Taxonomic distribution and evolution of Monarch sperm proteins. a Pie chart displaying the taxonomical distribution of proteins homologous to the Monarch sperm proteome and those unique to Monarch. BLAST searches were conducted beginning with closely related butterfly species and sequentially through more divergent species in Mecopterida, Mecopterida plus Tribolium, and Insecta. In order to be considered Lepidoptera specific, a protein was required to be present in at least at least one butterfly other than Monarch and at least one moth species. Proteins with discontinuous taxonomic patterns of homology are included in the category “unresolved”. b Box plot showing nonsynonymous divergence (dN) of Monarch proteins across four species of butterfly (n = 10,212). Nonsynonymous divergence for sperm proteins identified as specific to Lepidoptera, sperm proteins with homology outside of Lepidoptera and the remainder of the genome are shown. Asterisks (**) indicate p-values less than 1.0 × 10−5. c Box plot displaying the distribution of protein abundance estimates for proteins present only in Lepidoptera and those with homology in other insects. Asterisk (*) indicate p-values less than 0.001

Discussion

Dichotomous spermatogenesis in Lepidoptera, and in particular the production of sperm which do not fertilize oocytes, has intrigued biologists for over a century. Despite widespread interest, little is known about the functional roles fulfilled by apyrene sperm or why they have been retained in a nearly ubiquitous fashion during the evolution of Lepidoptera. Our comparative proteomic analysis of heteromorphic sperm, a first of its kind, provides important perspective and insights regarding the functional and evolutionary significance of this enigmatic reproductive phenotype.
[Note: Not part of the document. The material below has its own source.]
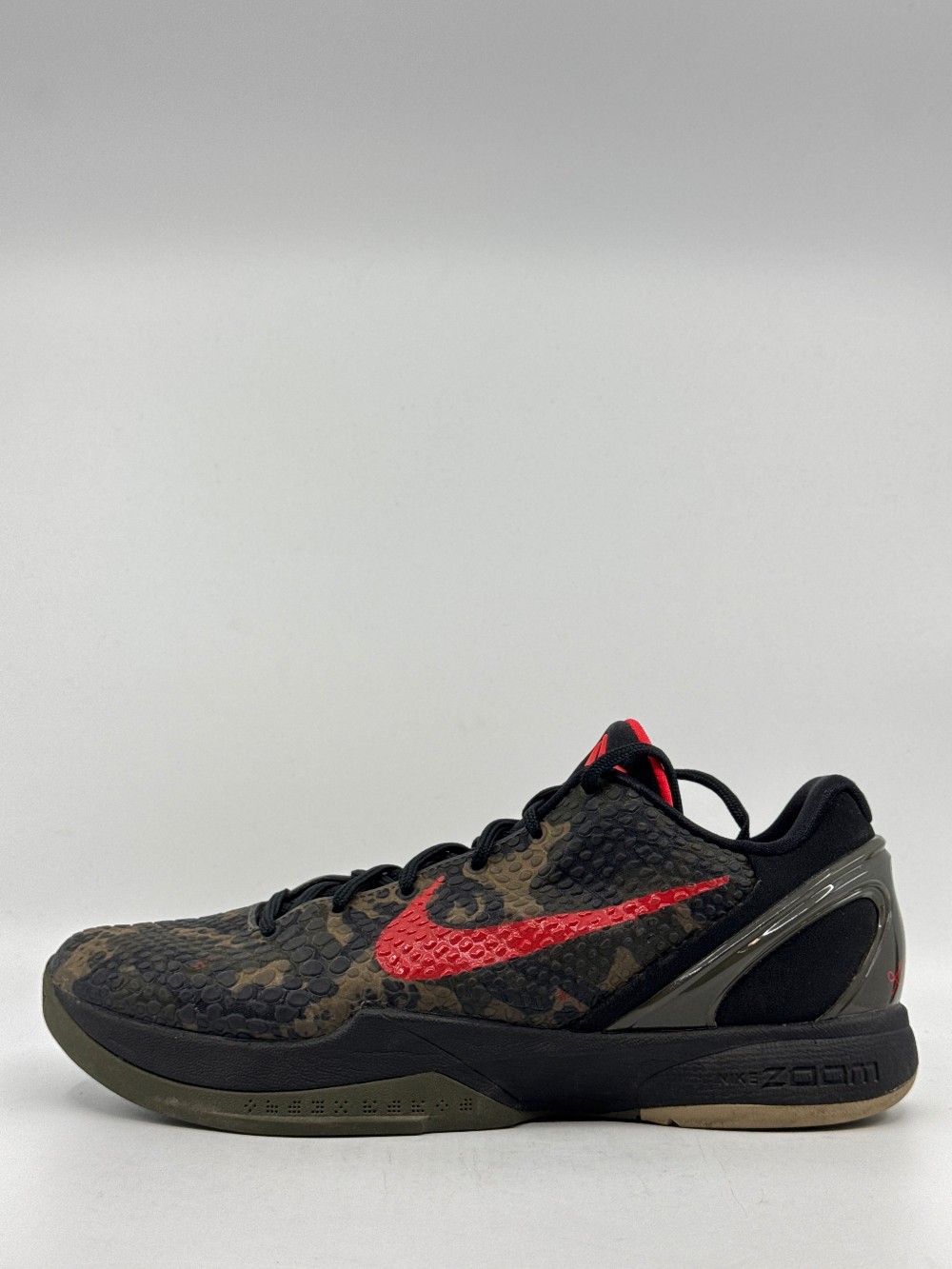 *USED* NIKE KOBE 6 PROTRO - ITALIAN CAMO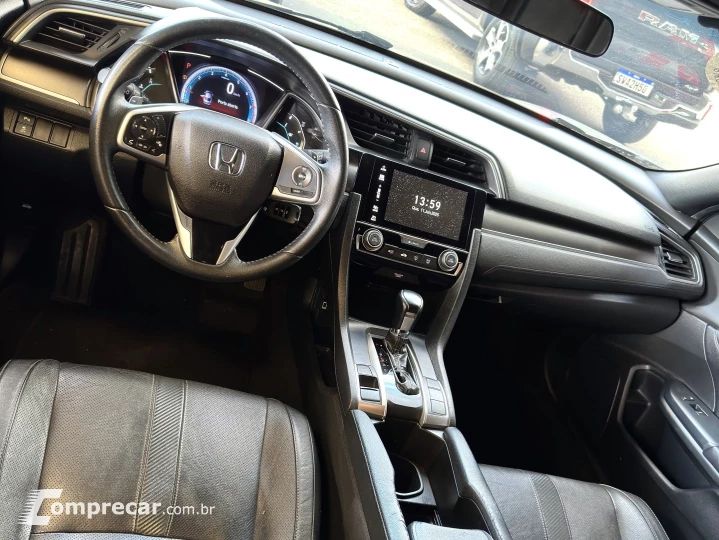 CIVIC 2.0 16V FLEXONE EXL 4P CVT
First, our analyses indicate that a substantial number of novel sperm genes are shared amongst Lepidoptera, thus distinguishing them from other insect species without dichotomous spermatogenesis, and suggest they are associated with heteromorphic spermatogenesis and the diversification of apyrene and eupyrene sperm. This observation can be attributed, at least in part, to the rapid evolution of Lepidoptera specific sperm genes. It is also possible that de novo gene gain may contribute to this observed genetic novelty, although it is not possible to assess this directly with the genomic and transcriptomic resources currently available in Lepidoptera. Our comparative and quantitative analyses, based on protein abundance measurements in both species, further suggests that some of these proteins contribute to apyrene sperm function and evolution. Given that apyrene sperm constitute the vast majority of cells in our co-mixed samples, it is reasonable to speculate that higher abundance proteins are either present in both sperm morphs or specific to apyrene cells. Confirmation of this will require targeted proteomic analysis of purified apyrene and eupyrene cell populations and will result in a refined set of candidates for further study in relation to apyrene sperm functionality. Ultimately, the comparative analysis of morph-specific sperm proteomes is critical to understanding the functional diversification of the fertilization incompetent apyrene sperm morph and the evolutionary maintenance of dichotomous spermatogenesis.

Conclusion

Our results indicate that the origin of heteromorphic spermatogenesis early in Lepidoptera evolution and/or the subsequent evolution of this system is associated with a burst of genetic novelty that is distinct from patterns of diversification across the remainder of the genome. The evolution of dichotomous spermatogenesis has therefore had a marked impact on Lepidoptera molecular evolution and suggests that focused studies of other reproductive transitions may inform our broader understanding of the evolution of reproductive genetic systems and their contribution to genomic novelty.